## Exercise requirements
From top to bottom, write out the listing exactly and skip every picture.

## Dataset content
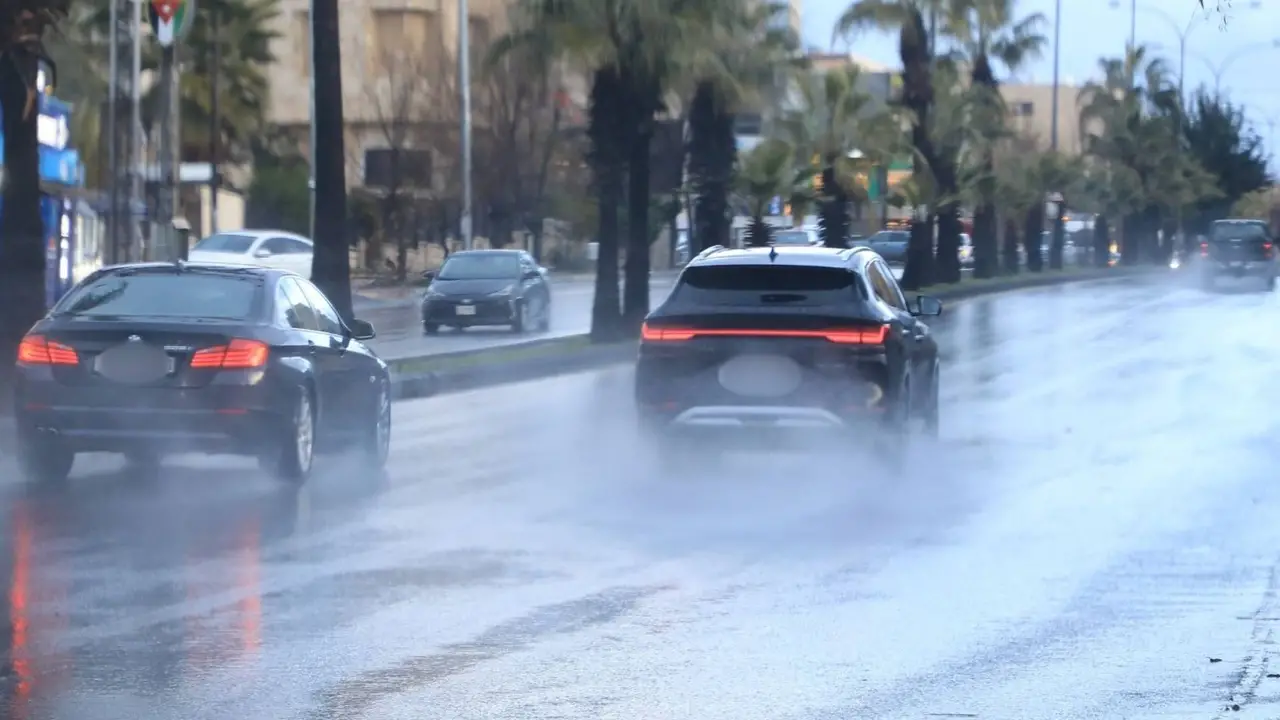 الأرصاد الجوية تحذر من أجواء باردة وماطرة في الأردن السبت والسيول المتوقعة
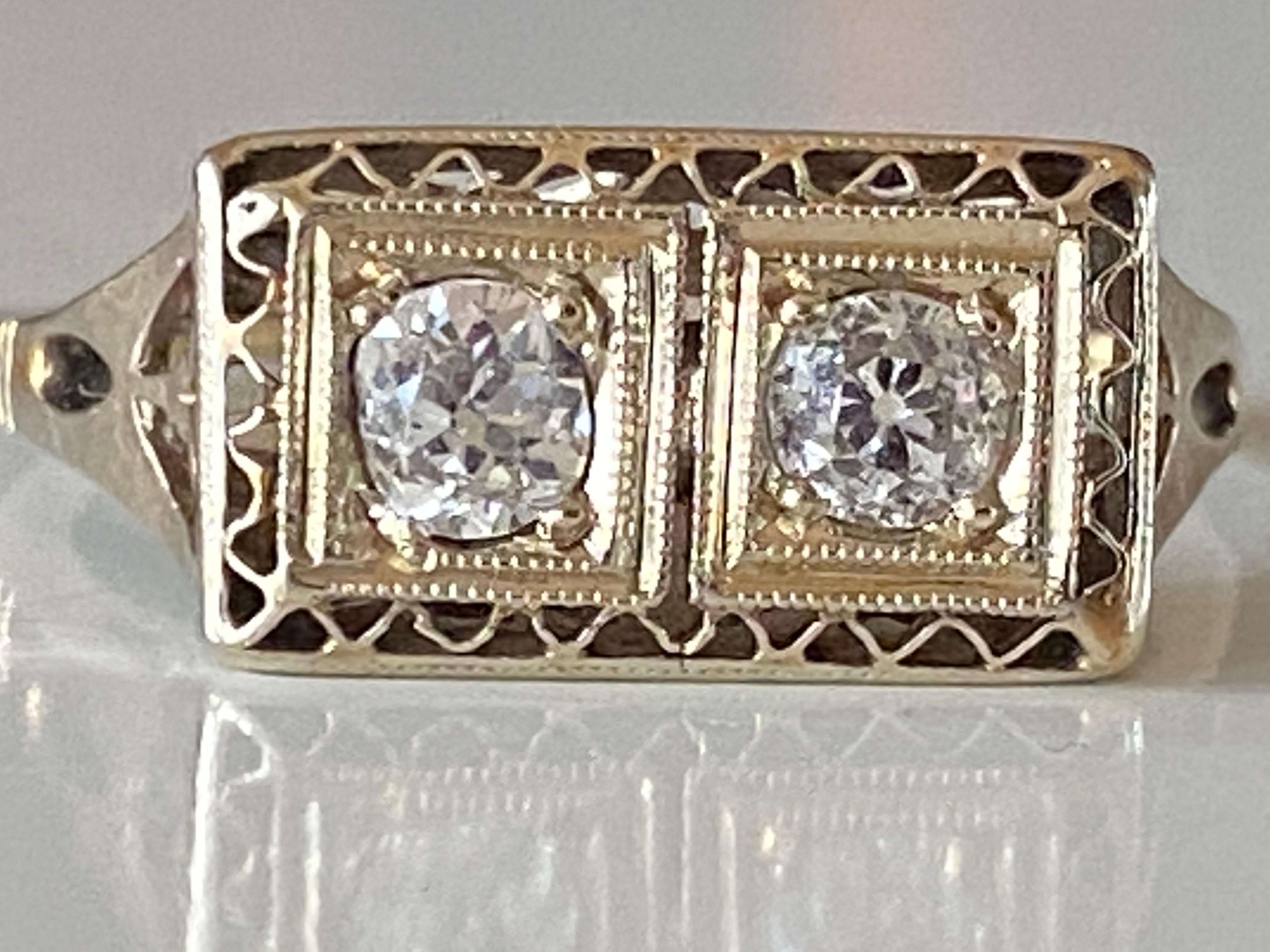 Art Deco Two-Stone Diamond and Filigree Ring  For Sale 4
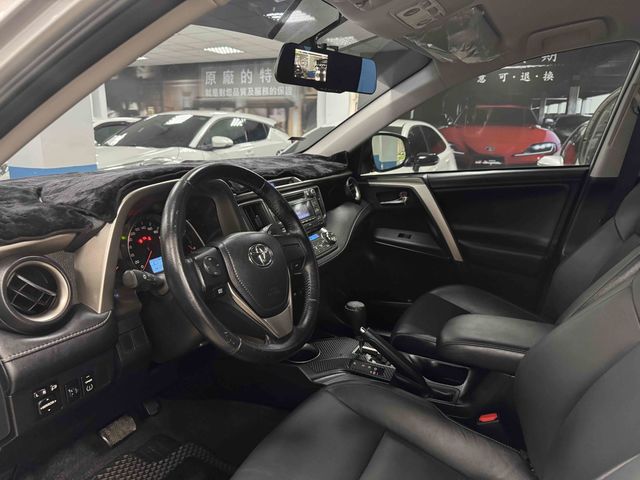 RAV4 2.0  第7張相片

## Response to this task
 الأرصاد الجوية تحذر من أجواء باردة وماطرة في الأردن السبت والسيول المتوقعة
 Art Deco Two-Stone Diamond and Filigree Ring  For Sale 4
 RAV4 2.0  第7張相片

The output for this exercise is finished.